Well, our little yellow Colt certainly screams inexpensive. Compared to that nicely finished Colt GT from 1976, this car includes all the hallmarks of a bargain basement stripper. No exterior trim, dog dish hubcaps, and a trunk lid that simply reads “Dodge.” Certainly Mitsubishi wanted to market higher profit vehicles than this in the world’s biggest car market.
But it could also be that Chrysler just didn’t know what to do with the Colt. For 1978, Dodge dropped the Galant based coupe, and replaced the Wagon with an entirely new model. As this image shows, the new wagon (CC coming later in this series) was considerably larger than the old car, and shared no parts outside the driveline. Dodge was using the Colt nameplate on all its imported cars, regardless of their position in the product line.

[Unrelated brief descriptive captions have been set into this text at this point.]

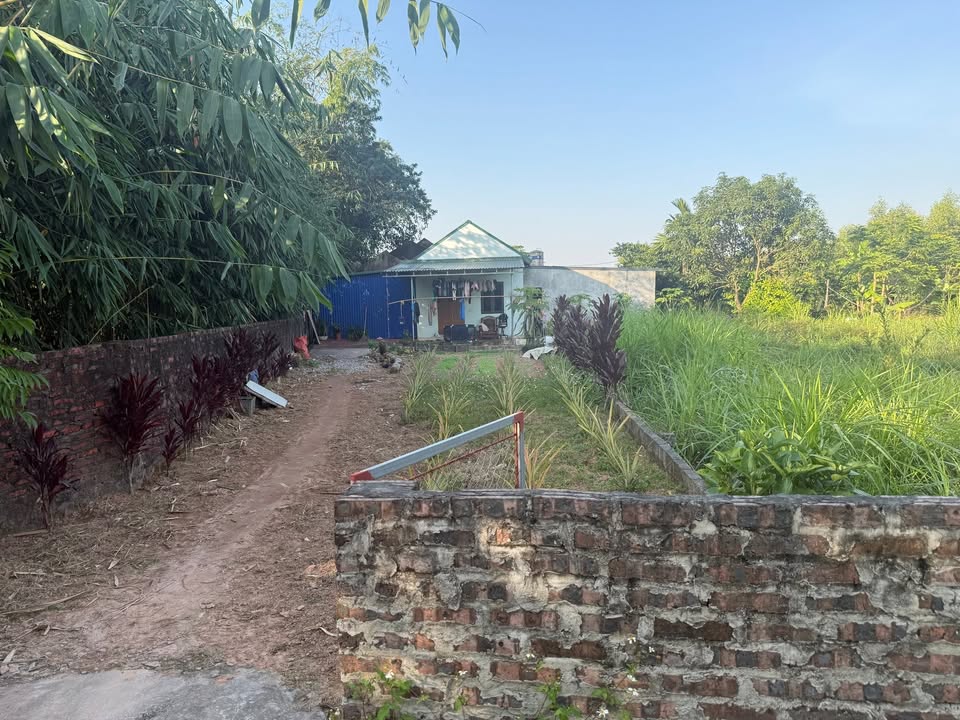 Đất thổ cư Đắc Sơn, Phổ Yên 359m² giá 1 tỷ - Nhà cấp 4 sử dụng ngay!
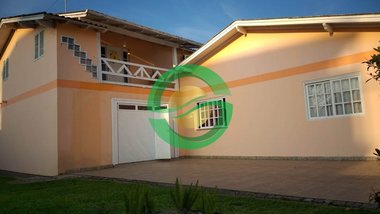 house em Rua Ernani Weber, Centro - Passo do Sobrado - RS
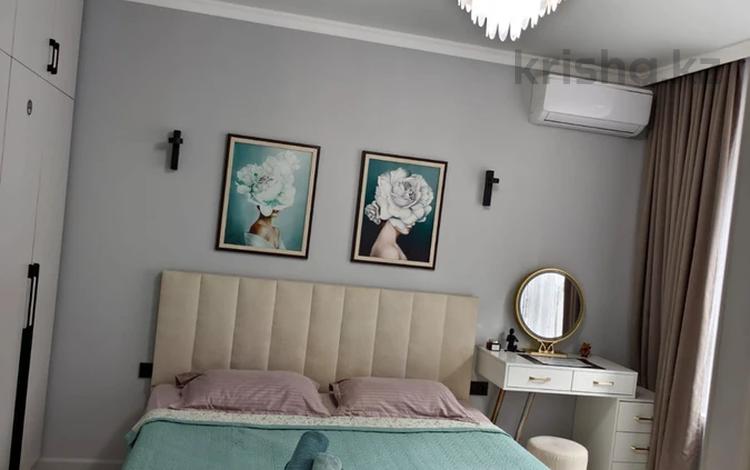 3-бөлмелі пәтер · 100 м² · 7/12 қабат, Тургут Озала 194 — Ислама Каримова 203, бағасы: 30 000 ₸ в Алматы, Алмалинский р-н — фото 2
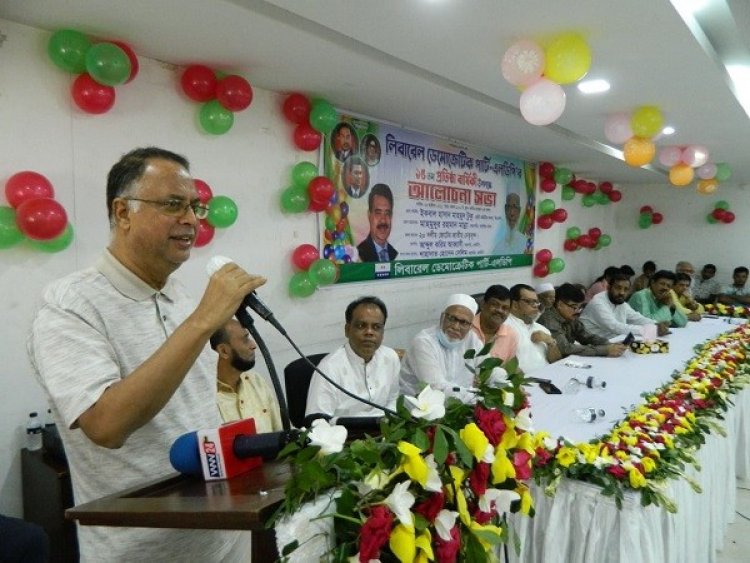 খালেদা জিয়ার নেতৃত্বে আন্দোলন হবে: টুকু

This approach continued in 1979. Dodge offered yet another Colt, this time an even smaller front wheel drive model called the Colt Hatchback (CC coming later in this series). Covering all bases, Dodge continued to offer the rear wheel drive sedans and big wagon alongside the hatchback in 1979, but dropped the sedans in 1980. The newer wagon would carry on until 1981, and the hatchback would remain until ’84, but our featured car lasted a mere three years in the US market.
And to confuse things a bit more, Plymouth started selling Mitsubishis too. In fact they beat Dodge with the new Celeste-coupe version of the Lancer-based car by one year, selling the Arrow starting in 1976.
In 1979, the Fire Arrow, sporting the big Mitsubishi 105 hp 2.6 four, became a bit of a cult classic. In the little Lancer body, it gave decent performance for quite little money, at a time when that was not easy to come by. Maybe it should have been called Hemi ‘Cuda II.
But the Arrow was just the start, as eventually Plymouth dealers also started selling certain Colt-branded Mitsubishis. They wanted in on the Japanese-car action, even if it wasn’t in really significant numbers.
I’d like to say something positive about this odd little Colt, but a closer look does not inspire. The rust on the corner of the back window does form a weep line over the fuel door, drawing our eyes to the (standard) locking gas cap. However, that’s rather typical of all Japanese product of the time, so we’re still looking for inspiration.
This closeup of the front bumper shows us everything is present, but the surface rust atop the bumper indicates this car is probably at the end of it’s life cycle. Someone is keeping it around for occasional transportation today, but I can’t picture a future buyer snapping it up as a restoration project, and there’s very few people interested in driving a patina laden, mid-seventies Japanese econo-box.
Looking at that interior does bring back memories, but not Dodge Colt memories. I drove a 1973 Toyota Corolla back in high school, and this cockpit matches it feature for feature. The round gauges, shifter placement, interior door latch, window crank, and arm rest come directly out of the same playbook. Even the dark colored door panels and light colored headliner match my Corolla memories.
Perhaps that similarity wasn’t exactly the best thing for this Colt. Given the speed of change we saw in the seventies, a new 1977 that recalled cars from five years earlier doesn’t strike me as a recipe for success. Searching the internet for further answers, I encountered this coupe with shiny paint and a lowered suspension. While a much nicer car than our featured car, it really does not move my thrill meter. Overall, I consider these ’77 to ’79 Colt sedans a lost generation–the final gasp for rear wheel drive, a cheap basic car to slot below the Omni, and a placeholder until Mitsubishi developed its own front wheel drive product.
To close, I’ll share this view of the most boring aspect of this boring car- the factory dog dish hubcaps. Credit where credit is due, the owner has kept track of all four of them for the past 37 years. Based on that accomplishment, I’ll anoint this Colt with full Curbside Classic accreditation. If the owner had not saved this Colt, we never would have learned how Dodge dithered with the Colt nameplate between 1977 and 1979, searching for a product line that fit their needs at the time.